Prompt:
In the entries that follow, find the line containing "GNB HV 11.4V" and the line containing "EDS Jewels 18", then retype exactly the lines from the first through the second, pictures excluded.

Working data:
──────────
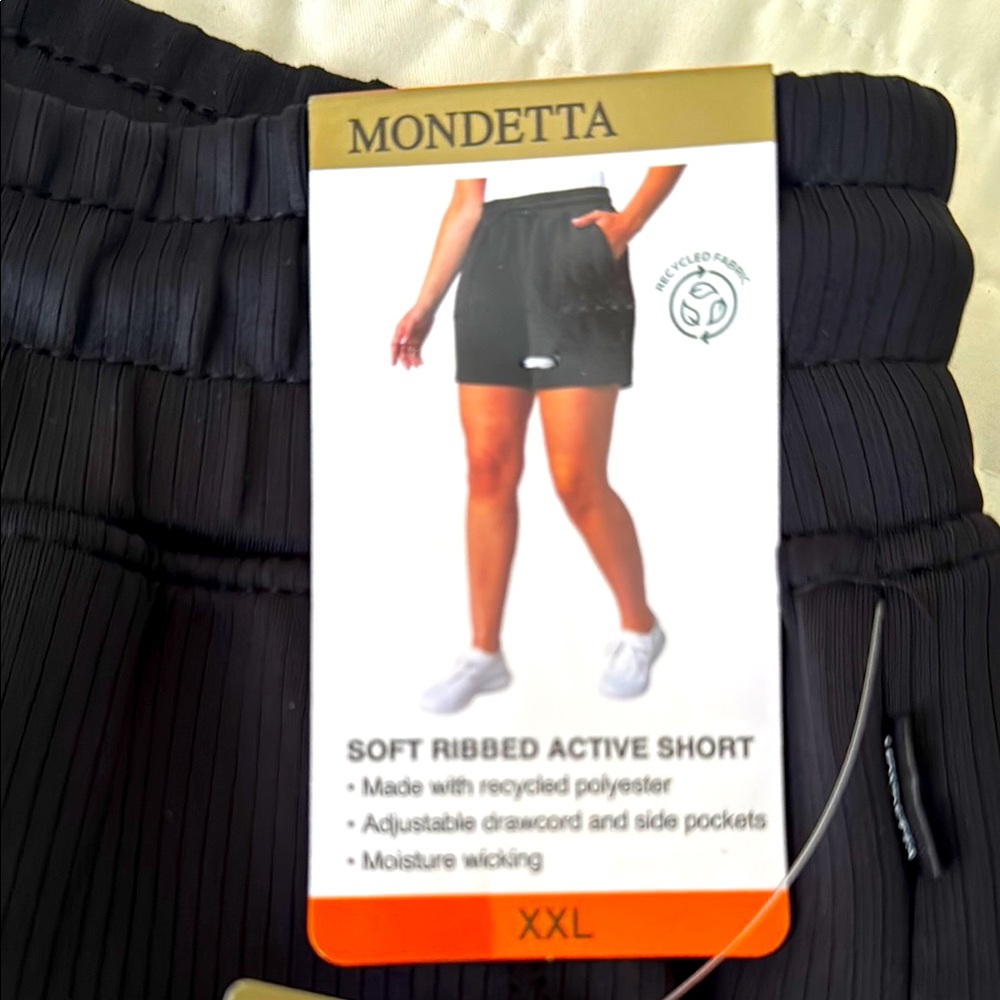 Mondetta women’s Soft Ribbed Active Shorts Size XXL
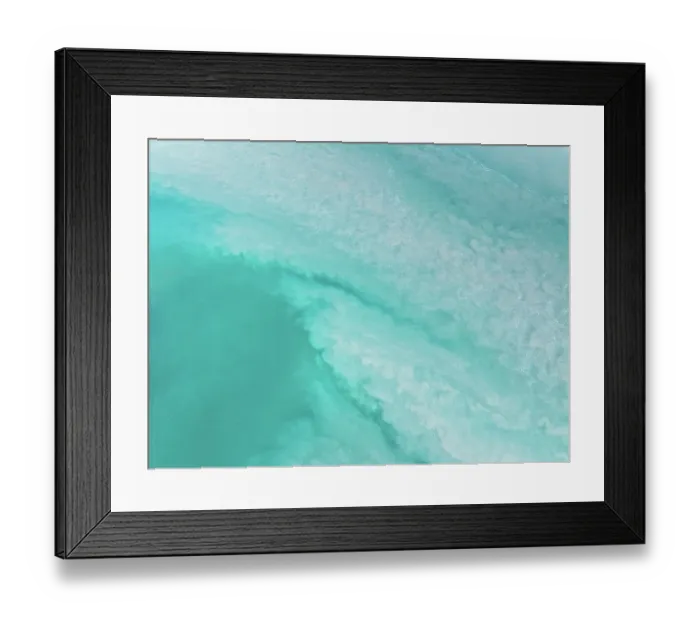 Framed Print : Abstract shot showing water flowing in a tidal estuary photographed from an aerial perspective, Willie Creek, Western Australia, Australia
──────────
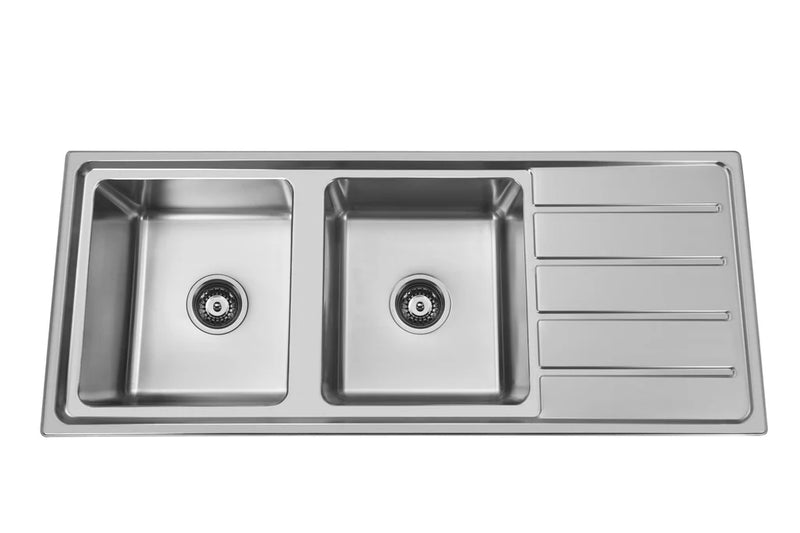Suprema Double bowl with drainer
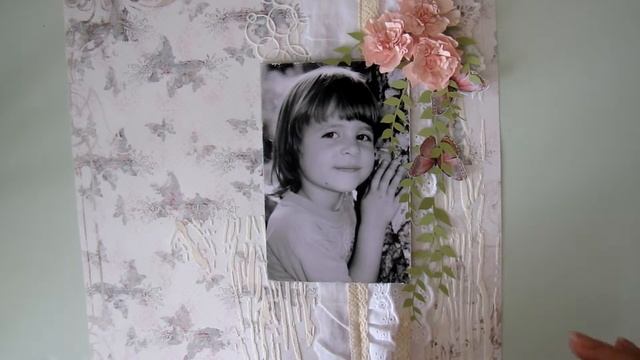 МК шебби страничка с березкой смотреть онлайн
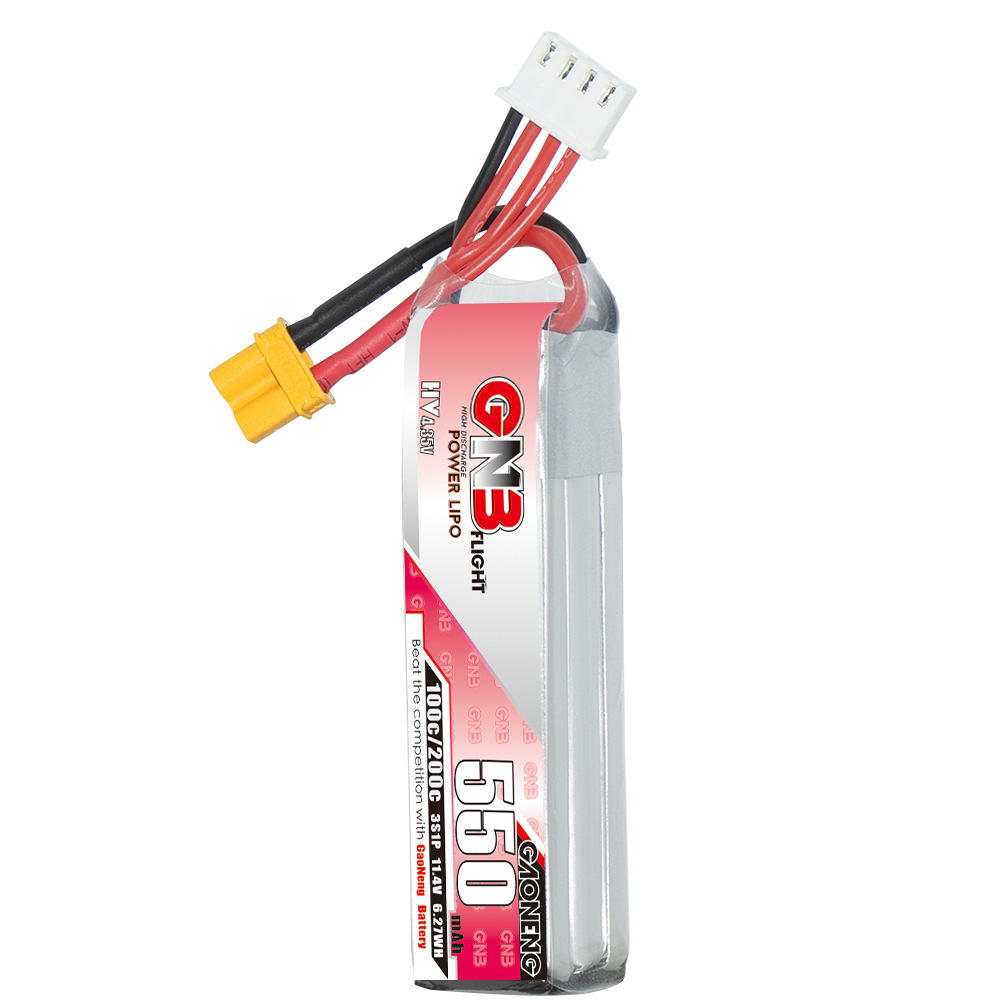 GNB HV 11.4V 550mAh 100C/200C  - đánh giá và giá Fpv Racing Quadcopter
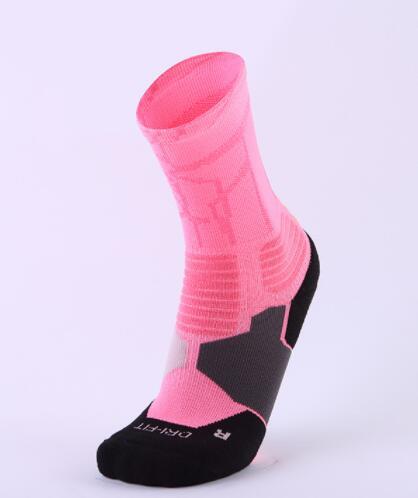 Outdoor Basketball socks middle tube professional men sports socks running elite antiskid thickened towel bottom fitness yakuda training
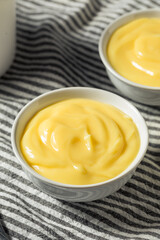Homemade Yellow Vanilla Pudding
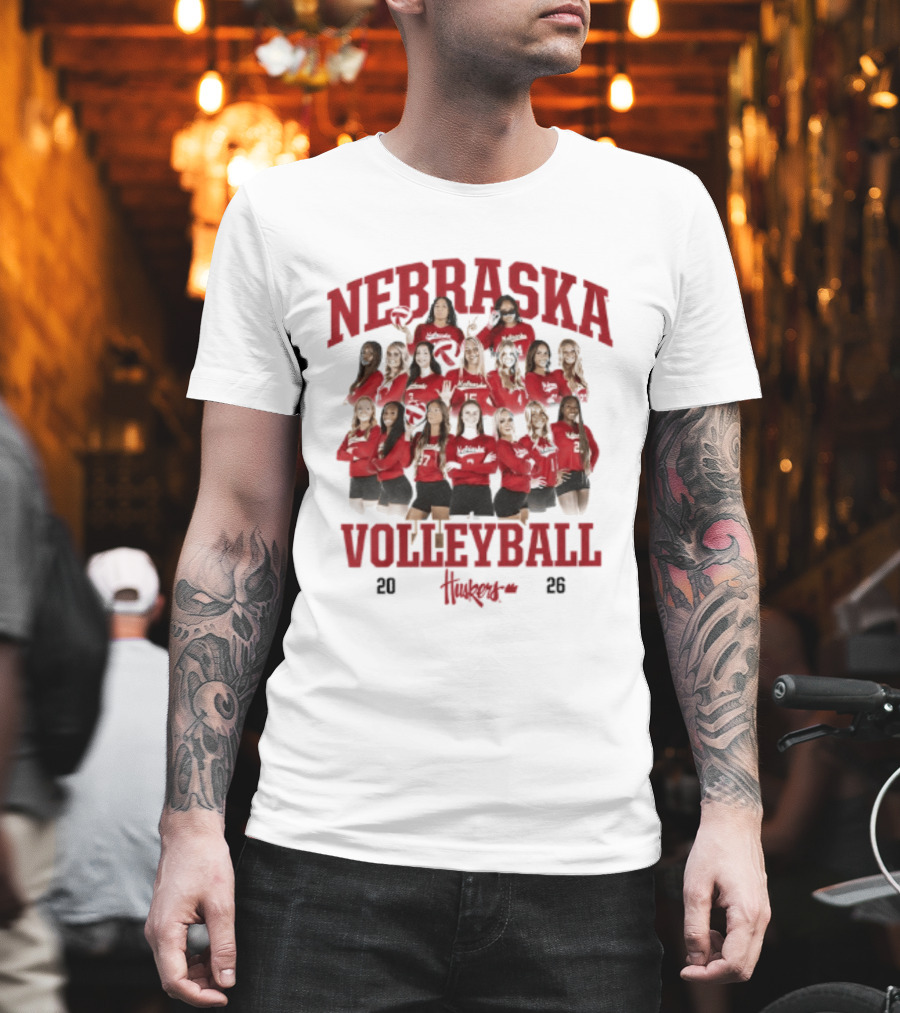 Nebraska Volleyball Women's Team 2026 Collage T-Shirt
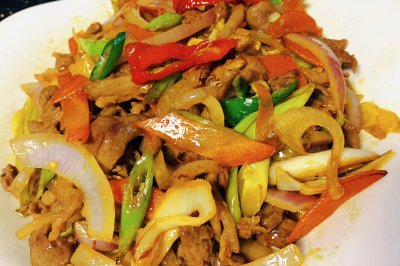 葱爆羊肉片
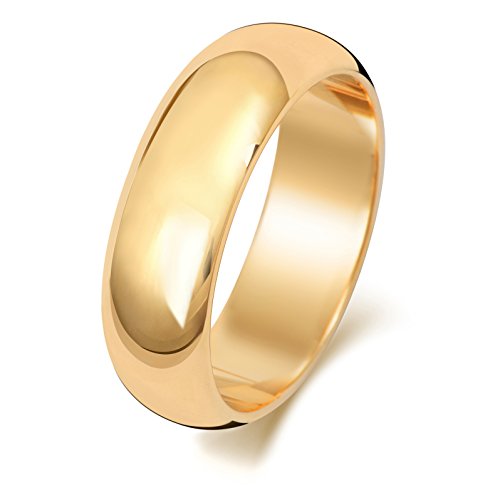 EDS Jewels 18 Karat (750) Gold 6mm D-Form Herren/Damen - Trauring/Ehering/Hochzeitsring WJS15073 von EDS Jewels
──────────
Written answer:
 GNB HV 11.4V 550mAh 100C/200C  - đánh giá và giá Fpv Racing Quadcopter
 Outdoor Basketball socks middle tube professional men sports socks running elite antiskid thickened towel bottom fitness yakuda training
Homemade Yellow Vanilla Pudding
 Nebraska Volleyball Women's Team 2026 Collage T-Shirt
 葱爆羊肉片
 EDS Jewels 18 Karat (750) Gold 6mm D-Form Herren/Damen - Trauring/Ehering/Hochzeitsring WJS15073 von EDS Jewels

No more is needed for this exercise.